Seniors : avoir envie de continuer à travailler
Dans le cadre d’un “nouveau pacte de la vie au travail”, syndicats et patronat ont été invités par le gouvernement à négocier ensemble, notamment sur le sujet de l’emploi des seniors. Alors que le projet du Président de la République est de faire monter le taux d’emploi des 60-64 ans, particulièrement touchés par le chômage, de 36% à 65% d’ici 2030, l’enjeu est double : il faut certes inciter les entreprises, mais aussi mettre les travailleurs dans des conditions qui les incitent à vouloir continuer de travailler et à rester motivés.

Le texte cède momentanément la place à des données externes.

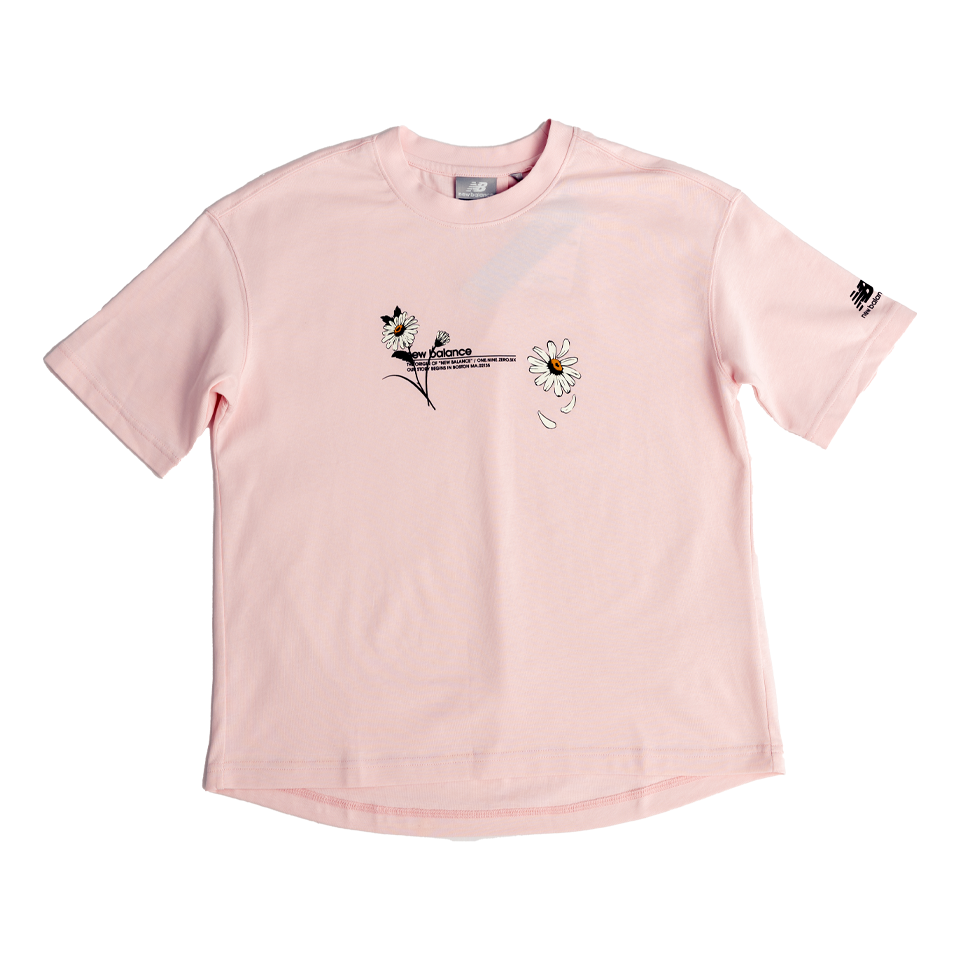 (WMNS) New Balance daisy Printing Loose Short Sleeve Pink Red NEA38012-DPK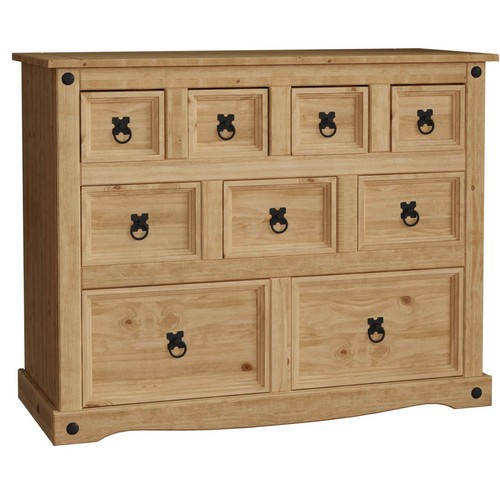 Corona Merchant Chest 4+3+2 Drawer Mexican Solid Pine Wood Storage Furniture - Picture 8 of 8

La façon qu’ont les seniors de rester engagés dans leur travail contribue à la façon dont on les perçoit. Toutefois, comment les inciter à rester en emploi à alors que de nombreux dispositifs leur permettent, insidieusement, de pouvoir quitter l’emploi avant la retraite ? C’est tout le débat autour du chômage en fin de carrière, et de sa présumée instrumentalisation comme retraite précoce. Alors que le ministre de l’Economie se dit “favorable à l’alignement de la durée indemnisation chômage des plus de 55 ans, qui est de 27 mois, sur celle des autres chômeurs, qui est de 18 mois” afin de réduire le risque précédemment évoqué, une telle déclaration a fracturé la classe politique. En effet, les seniors bénéficient aujourd’hui d’une durée d’indemnisation du chômage plus longue que les salariés de moins de 55 ans, compte tenu de leur plus grande difficulté à revenir vers l’emploi. Toutefois, il reste pertinent de s’interroger sur les potentiels effets pervers d’un tel dispositif spécifique.
Ainsi, l’objectif de plein emploi du gouvernement, qui passe en partie par une hausse du taux d’emploi des seniors, va nécessiter des efforts de la part des entreprises pour maintenir ou faire revenir à l’emploi ces travailleurs. Toutefois, la capacité des employeurs à préserver et à prendre en considération l’état de santé inhérent au vieillissement et à certaines professions, ainsi que la mise en place d’une offre de formations et de perspectives d’évolution passé 50 ans sont des critères essentiels au maintien de la productivité des seniors, ainsi qu’à leur niveau de motivation à accomplir de façon engagée leur deuxième partie voire fin de carrière. En somme, il faudra conjuguer dispositifs étatiques incitatifs, volontarisme de la part des entreprises, et motivation des travailleurs, à l’heure où le marché du travail est confronté à un vieillissement de sa population active.